# [Information supplied]
▬▬▬▬▬▬

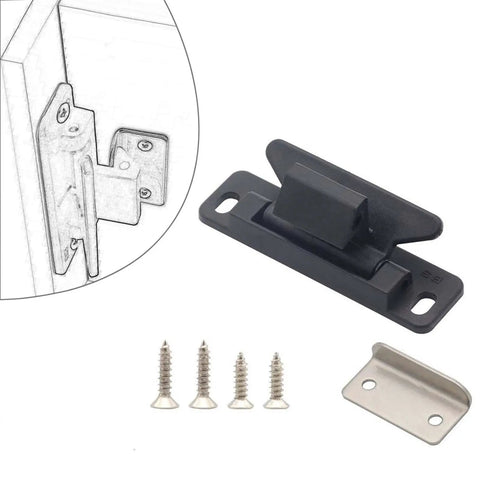 Black Nylon Metal Closet Door Catch And Cabinet Handle With Secure Drawer Latch For Rv Mobile Homes Cars Yachts And Cupboard Doors That Save Space, showing latch and screws.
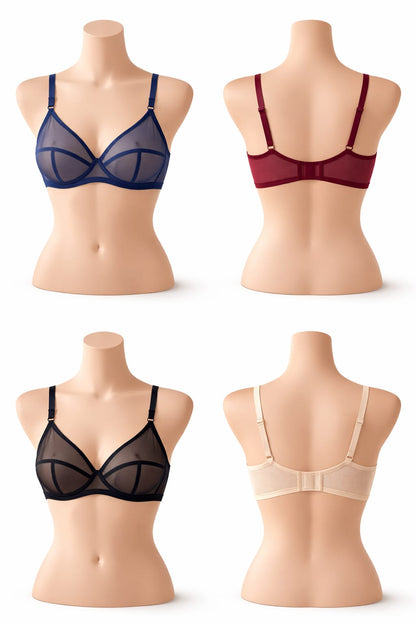 Pack of 4 Non-Padded & Non-Wired Full Net Transparent Cotton Bras - 4 Colors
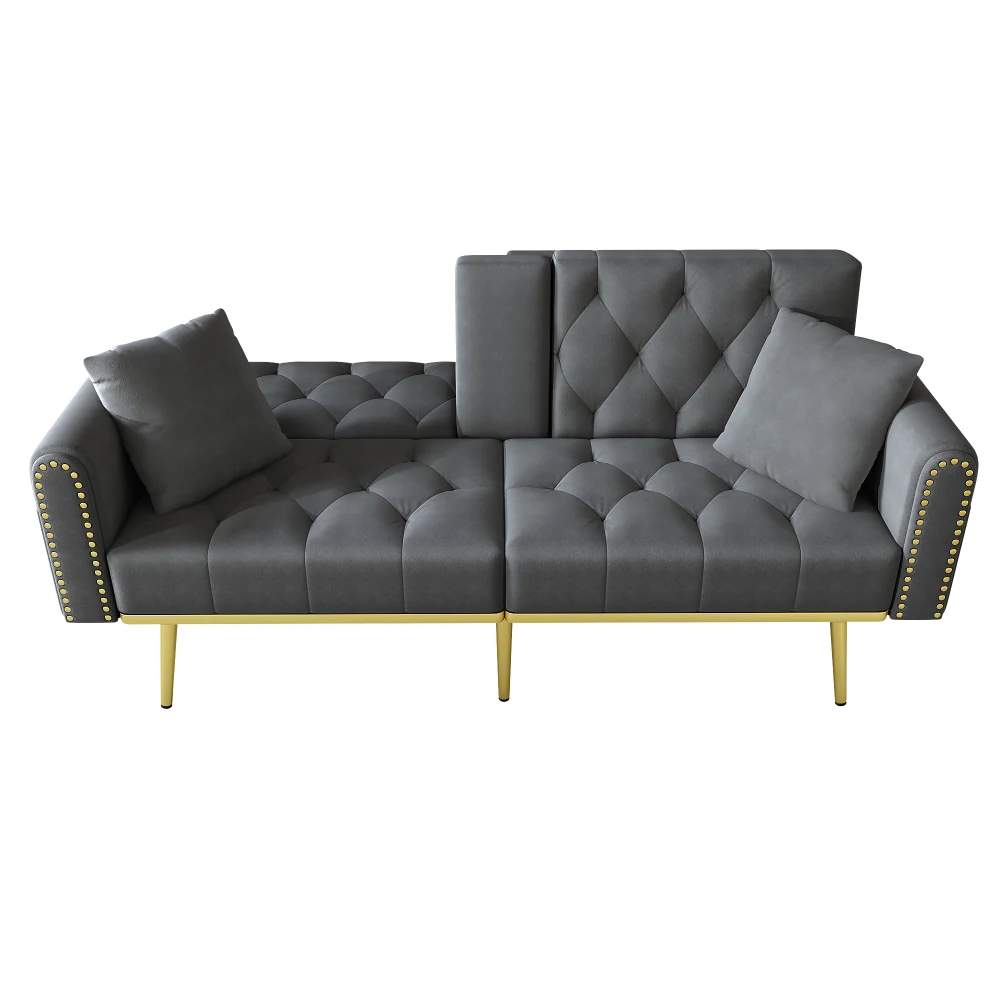 Doppelklappbares Schlafsofa mit 3-Gang-Rücklehne und Getränkehaltern – ideal für Wohnzimmer, Schlafzimmer, Heimkino – Detail 15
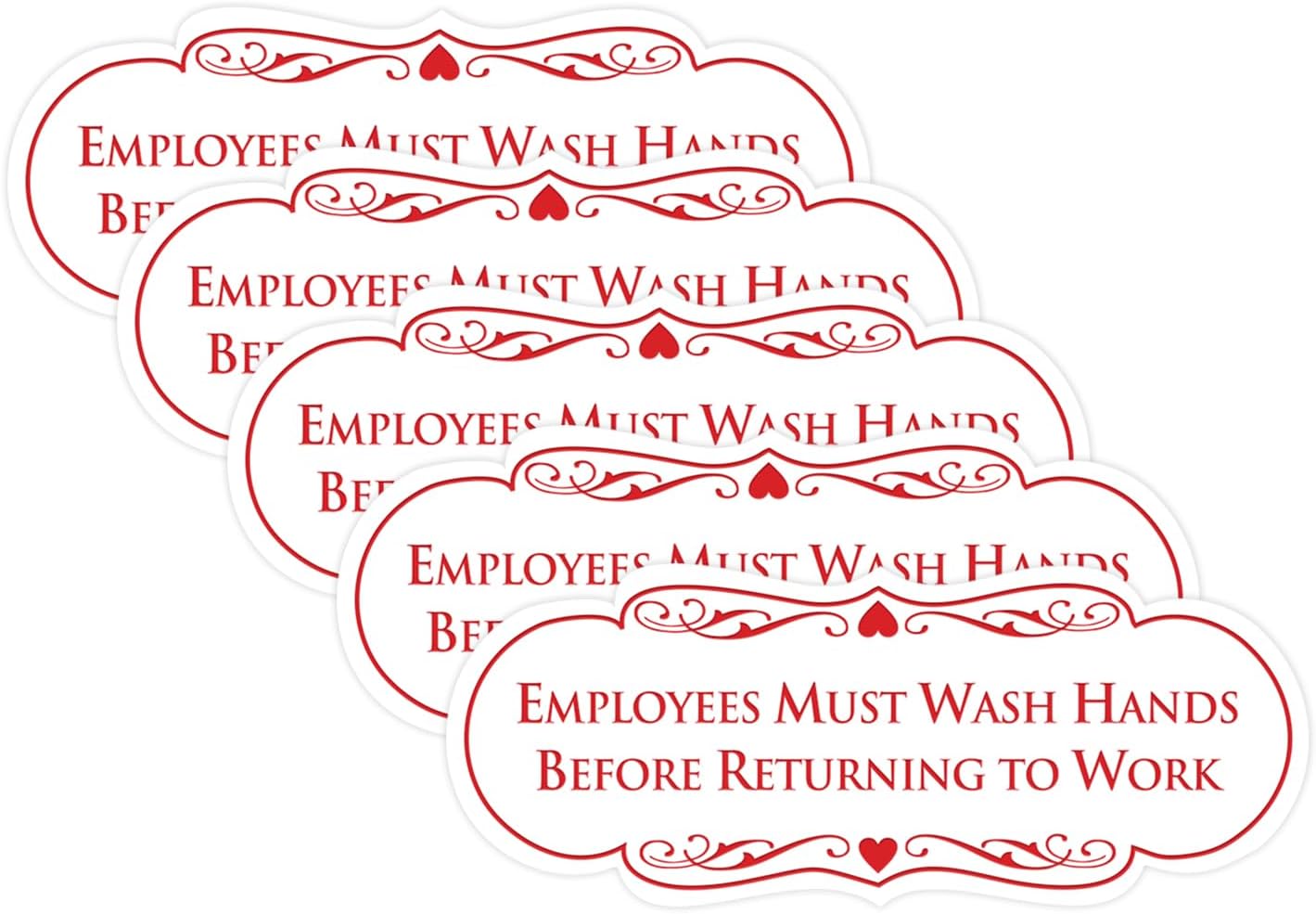 Employees Must Wash Hands Before Returning to Work Sign - 5 Pack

▬▬▬▬▬▬

Everything in the listing above except the pictures should be duplicated exactly.

 Black Nylon Metal Closet Door Catch And Cabinet Handle With Secure Drawer Latch For Rv Mobile Homes Cars Yachts And Cupboard Doors That Save Space, showing latch and screws.
 Pack of 4 Non-Padded & Non-Wired Full Net Transparent Cotton Bras - 4 Colors
 Doppelklappbares Schlafsofa mit 3-Gang-Rücklehne und Getränkehaltern – ideal für Wohnzimmer, Schlafzimmer, Heimkino – Detail 15
 Employees Must Wash Hands Before Returning to Work Sign - 5 Pack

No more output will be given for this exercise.